Supplied entries:
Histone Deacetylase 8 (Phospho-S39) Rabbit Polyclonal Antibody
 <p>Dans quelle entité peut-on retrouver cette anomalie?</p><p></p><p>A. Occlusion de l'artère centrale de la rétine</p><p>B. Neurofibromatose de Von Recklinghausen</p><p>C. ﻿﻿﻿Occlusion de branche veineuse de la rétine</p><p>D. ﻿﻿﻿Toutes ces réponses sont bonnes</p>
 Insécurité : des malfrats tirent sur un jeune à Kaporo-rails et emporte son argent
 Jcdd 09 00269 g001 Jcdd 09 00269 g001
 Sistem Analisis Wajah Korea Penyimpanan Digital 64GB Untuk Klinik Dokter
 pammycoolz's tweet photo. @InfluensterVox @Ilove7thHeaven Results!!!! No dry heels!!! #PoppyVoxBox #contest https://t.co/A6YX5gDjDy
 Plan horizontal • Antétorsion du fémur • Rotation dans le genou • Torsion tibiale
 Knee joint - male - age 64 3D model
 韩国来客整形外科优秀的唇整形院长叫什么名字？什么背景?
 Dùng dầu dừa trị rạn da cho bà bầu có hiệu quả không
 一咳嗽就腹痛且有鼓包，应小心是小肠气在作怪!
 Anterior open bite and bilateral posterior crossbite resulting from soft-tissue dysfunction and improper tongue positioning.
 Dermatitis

Work to complete:
Reproduce without change every line of the entries above, from the one containing "Anterior open bite" through the last.

Answer to the problem:
 Anterior open bite and bilateral posterior crossbite resulting from soft-tissue dysfunction and improper tongue positioning.
 Dermatitis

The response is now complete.